WORK ITEM>
Set down the records exactly as they stand, except for any pictures, which you should omit.

DATA TO USE>
- - - - -

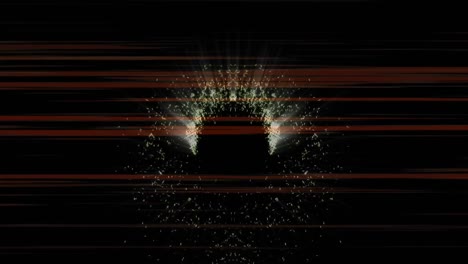 animation of glowing white particles moving in circular motion over streaking red lines, on black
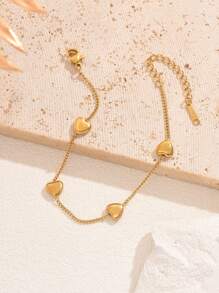 1pc Gold-Tone Stainless Steel Heart Charm Bracelet, Fashionable, Versatile, Suitable For Casual, Work, Street, Party, Holiday Wear (OPP Bag Packaging Box For Shooting Only) - Yellow Gold - View 1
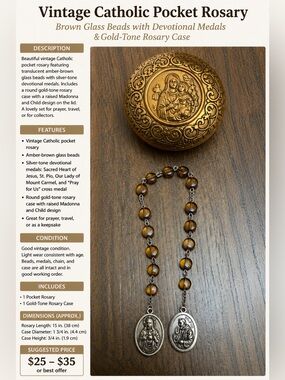 Vintage Catholic Pocket Rosary with Brown Glass Beads & Gold-Tone Rosary Case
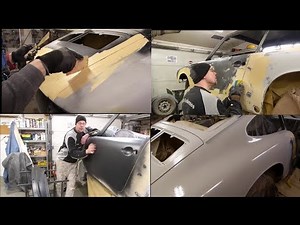 Porsche 18. Preparatory work for painting up to the spray filler. Finally everything is one color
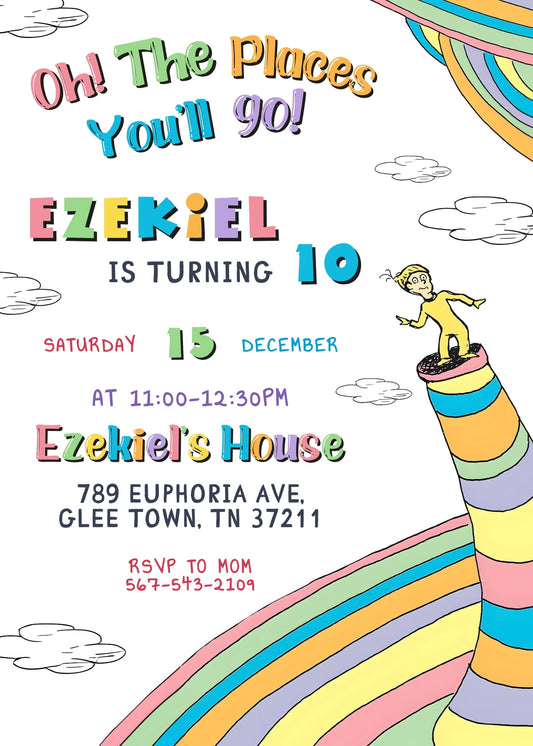 Dr Seuss Oh, the Places You'll Go personizable birthday invitation template, instant download, QG620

- - - - -

ANSWER BELOW>
 animation of glowing white particles moving in circular motion over streaking red lines, on black
 1pc Gold-Tone Stainless Steel Heart Charm Bracelet, Fashionable, Versatile, Suitable For Casual, Work, Street, Party, Holiday Wear (OPP Bag Packaging Box For Shooting Only) - Yellow Gold - View 1
 Vintage Catholic Pocket Rosary with Brown Glass Beads & Gold-Tone Rosary Case
 Porsche 18. Preparatory work for painting up to the spray filler. Finally everything is one color
 Dr Seuss Oh, the Places You'll Go personizable birthday invitation template, instant download, QG620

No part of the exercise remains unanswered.